Ok, so we have a scale-less graph from 2012 and a vague statement about an increase of ~250,000 users in a two day period. Obviously, it’s time for MATH!
Turns out that two-day period of the 250k user increase is right smack in the middle of the scale-less graph. With our very unscientific methods, we can start to put a scale back on that graph!
First step, what’s the X-axis? Each graph tick on the X-axis is a 10 day period. Therefore, based on a ruler I happened to find around the office (I’m as surprised as you we have a ruler), each tick is 2cm, meaning 2mm = 1 day on the X-axis:
According to the article, nearly 250k accounts were added during the two days after Mat Honan’s epic hack. Mat’s article first went live on 08/06, so we can map out the exact uptick in the two-day period from 08/06 to 08/08:
Again using our Ruler of Truth, it tells us that the uptick from 08/06 to 08/08 was a 11mm change on the graph scale. Now we can de-anonymize the scale of the graph’s Y-axis!

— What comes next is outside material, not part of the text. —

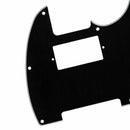 Black 3 PLY Electric Guitar Humbucker Pickup Cut Pickguards For Tele Style G2B1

If 11mm represents 250k users, then this particular graph snapshot that starts on 06/23 and ends on 09/21 represents a growth of ~2.4M users (107mm = 2,431,818 users):
But, how do we know absolute numbers? We know relative growth of users within the date bounds of the graph, but to get absolute numbers, we’d need to project backwards or forwards to some known datapoint. Unfortunately, we don’t have any hard data points tied to a particular date. Except…we know the date Google launched 2SV (February 10th, 2011) and we know there were approximately zero users at that launch date. Yeah, terrible approximation, but let’s roll with it!
What’s the rate of growth from 2011/02/10 (day of launch) to 2012/06/30 (560 days after launch)? Let’s assume that growth is consistent for this entire period and just calculate the slope of the line for the portion of the graph that we have data for:
We end up with a growth rate of 20,454 users per day. If 2012/06/30 is 560 days post-launch, then we estimate that there were ~11M (11,454,240) users enrolled at that time. That means in the period shown in the graph, we enter the graph on 2012/06/23 at ~11M and exit the graph on 2012/09/21 at ~14M users (11,454,240 + 2,431,818 = 13,886,058).
Ok, great, but what about adoption in the present day? Let’s take our last (mis)step and project forward from 2012 to the current day in 2015. I mean, it’s only three years, I’m sure we can just accurately project out linearly based on the slope of a one month sample. Right? Ok, good.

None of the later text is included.